Solicitors Journal Artice,p. New Technology, do lawyers really need it?
For example what is .NET? what's the benefit? 

While the new technologies of the Spinning Jenny and the Steam Engine had a profound effect on the lives of the people living in those days, they were nothing like the effect we’ve experienced due to changes in computing and electronics in general since the early 1970’s.

When you consider how long it took man to invent the wheel and all other things we now take for granted, isn’t it amazing just how quickly we’ve moved from 4MB computer disc drives that were the size and weight of washing machines, to 512MB flash memory sticks the size of a small cigarette lighter.

Looking back over the past twenty years, its hard to imagine just what the next twenty will bring, indeed it’s sometimes difficult to look just a few years hence. However that’s exactly what we have to do otherwise like the man on the penny-farthing, we’ll get left behind.

Linetime, like many similar organisations, has had a special team in place for some time now whose job it is to look forward and try and calculate exactly where the IT market in general is going and more particularly where the Legal Software market will be in the foreseeable future.

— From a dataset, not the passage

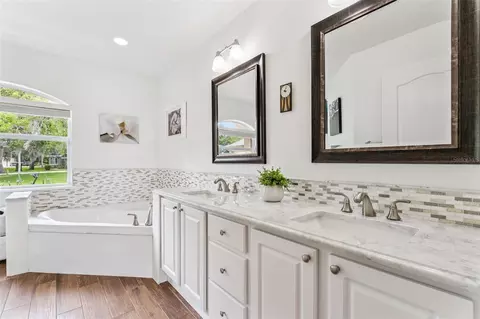 Bath - 5203 Hammock Pointe Ct, Saint Cloud, FL 34771 photo 2 of 5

One of the more general findings of this group, known fondly as the Star Gazers, is the fact that the most significant changes to have occurred over the past few years relate not so much to the functionality of the software lawyers use in their day to day business, but more to how they communicate with it, with one another and with their clients.

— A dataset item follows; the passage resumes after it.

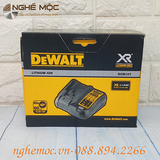 DeWalt  DCB107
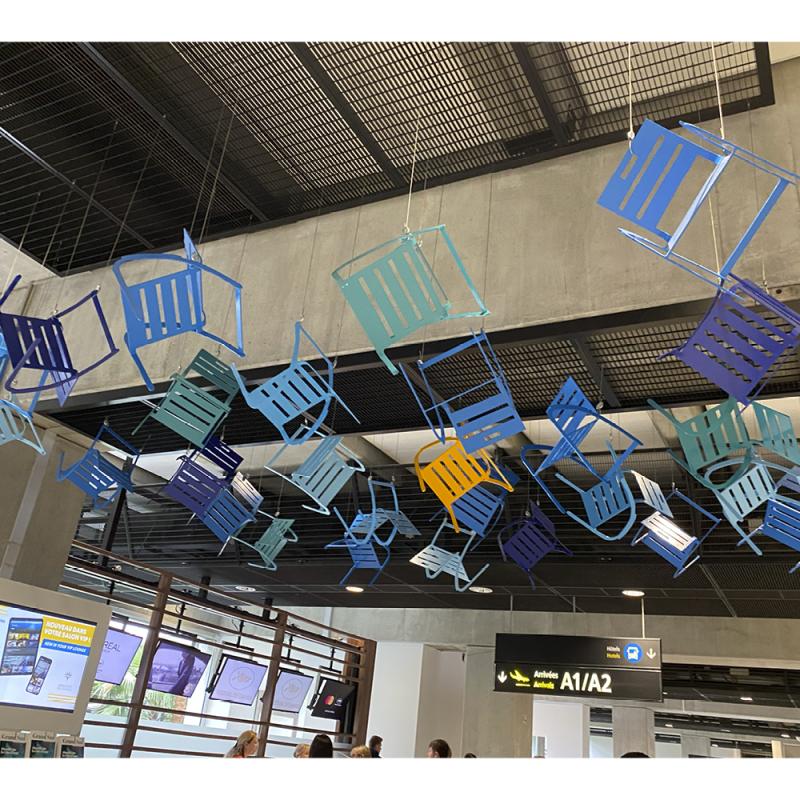 Chaise Bleu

From the introduction of modern mobile phones, the Internet and wireless keyboards, to the integration of hand held computers and the total wireless office, the way fee earners actually interface with colleagues and clients, in short, how they send and receive data, is the most significant change for many a legal practice.

Now while all business has its own jargon, the IT business seems to have more. One of the latest you may have come across is the term ‘smart client’.

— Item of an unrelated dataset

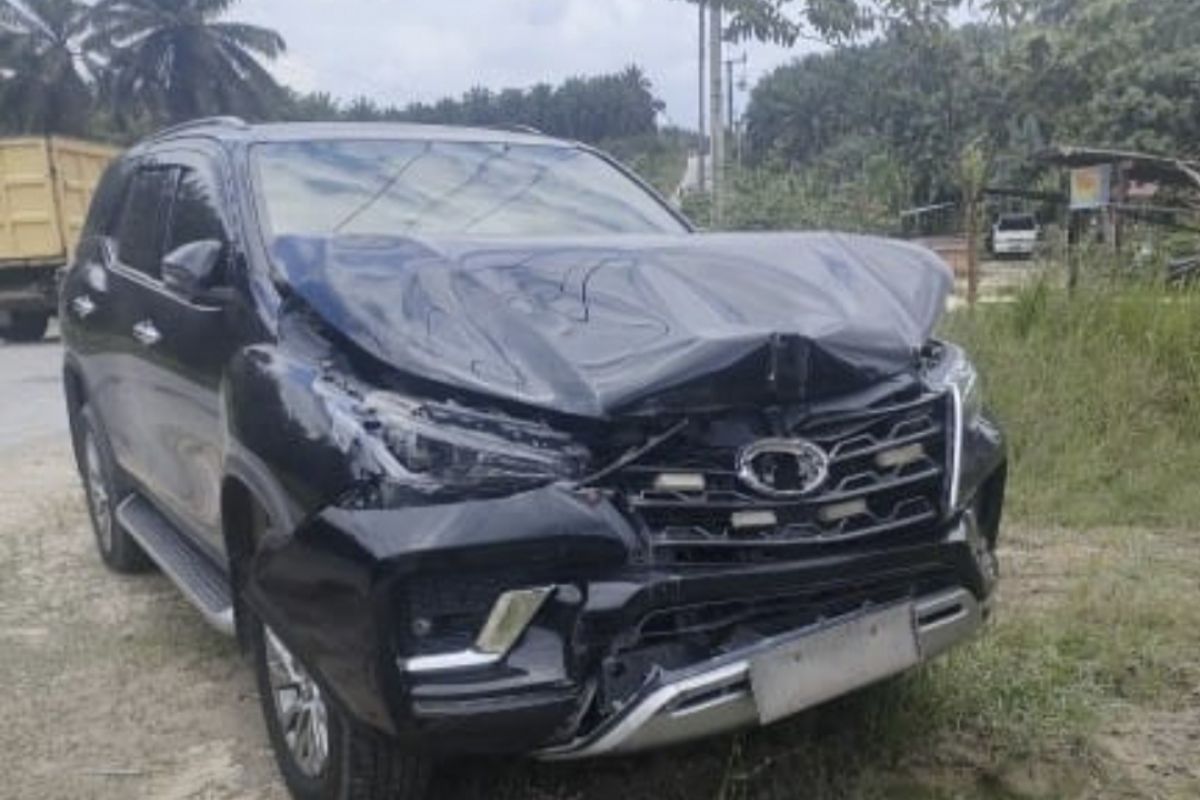 Mobil dinas Wakil Bupati Siak alami kecelakaan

While we all have a few ‘smart clients’ what we actually mean is an electronic device with some level of ‘intelligence’ (i.e. a microprocessor) that can link to and ‘feed from’ a master computer or ‘host’ thereby enabling the free flow of data to and fro.

The potential to integrate such ‘smart clients’ or in other words different types of electronic hardware, whether mobile phones, PDAs, lap tops or simple PCs into one cohesive whole, has been something of a ‘Holy Grail’ for the IT industry for some time. However this is exactly what the latest communications technology from Microsoft known as ‘dot NET’ (.NET) enables you to do.

The key benefit of .NET is the fact that this integration takes place via the Internet, so the location of your ‘smart client’ is totally irrelevant. It could be in the next office or in the West of Ireland; it could be in a court in Birmingham, or in a client’s house in Aberdeen.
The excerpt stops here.